Dr. T. M. Sonny Lee, Assistant Professor of Biology at Kansas State University (KSU) and plant team member working on the Kansas NSF EPSCoR RII Track-1 Award OIA-1656006: Microbiomes of Aquatic, Plant, and Soil Systems across Kansas (MAPS) has received a U.S. Department of Agriculture National Institute of Food and Agriculture (USDA) award to address the impacts of increased drought frequency on plants native to the central grasslands of the Midwest. The title of his project is Linking microbiome function and microbial processes to plant genetic diversity in a foundation forage grass across the Great Plains grassland climate gradient: a multi-omics approach. Specifically, the USDA will provide over $700,000 for Lee’s research team to study how ecotype variation in Big Bluestem grass will influence the interactions between plant roots and microbes across the Great Plains.

Bluestem is a dominant perennial tall grass widespread over the central Midwest grasslands making up over 80% of its biomass. Its sustainability is heavily impacted by drought conditions. Given that drought frequency is expected to increase in the future due to climate change, maintaining this critical ecosystem requires an in-depth understanding how Bluestem responds to drought situations.
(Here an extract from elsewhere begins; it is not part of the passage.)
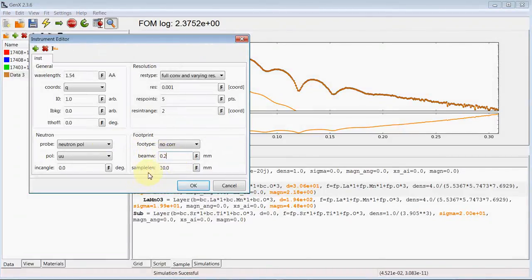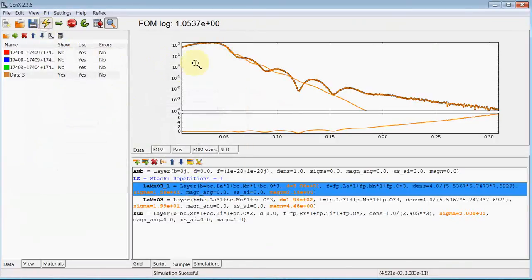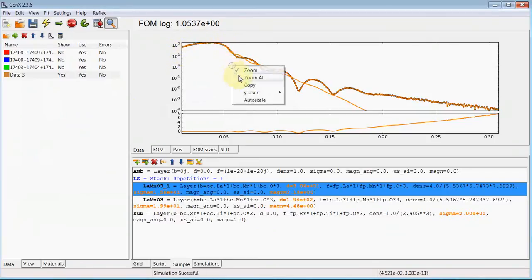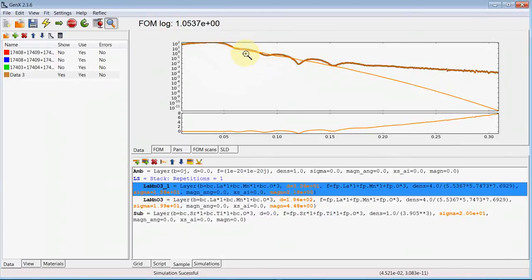If we simulate now you see the total reflection already fits, the footprint correction works correctly, but we see our model has a far too thick layer and the intensity drops too fast for higher Q, which means that our surface roughness is too large.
Dr. Lee’s interdisciplinary team of researchers include MAPS team members, Dr. Ari Jumpponen, Associate Professor of Biology at KSU and Dr. Maggie Wagner, Assistant Professor of Ecology and Evolutionary Biology at the University of Kansas (KU) along with Dr. Sara Baer, Director and Senior Scientist of the Kansas Biological Survey, and Professor, Ecology and Evolutionary Biology at KU; Dr. Loretta Johnson, Co-Director of the Ecological Genomics Institute and Professor of Biology at KSU; and  Dr. Adam Smith, Missouri Botanical GardenThe team will conduct both field and greenhouse experiments using a broad geographic sampling of natural grasslands across the Great Plains as well as several modeling approaches to interpret the interaction between plant host and its root-associated microbes. By examining the microbial composition and function, nutrient cycling, plant genetics, plant phenotype and plant gene expression the investigators will study how the host performance and host-associated microbes interact to maintain their productivity in stressful times. Results from this study can then be used as a tool for conservation and restoration managers to design appropriate management strategies to increase plant resiliency to drought and anticipate shifts in the plant-soil microbe relationship as climate conditions change.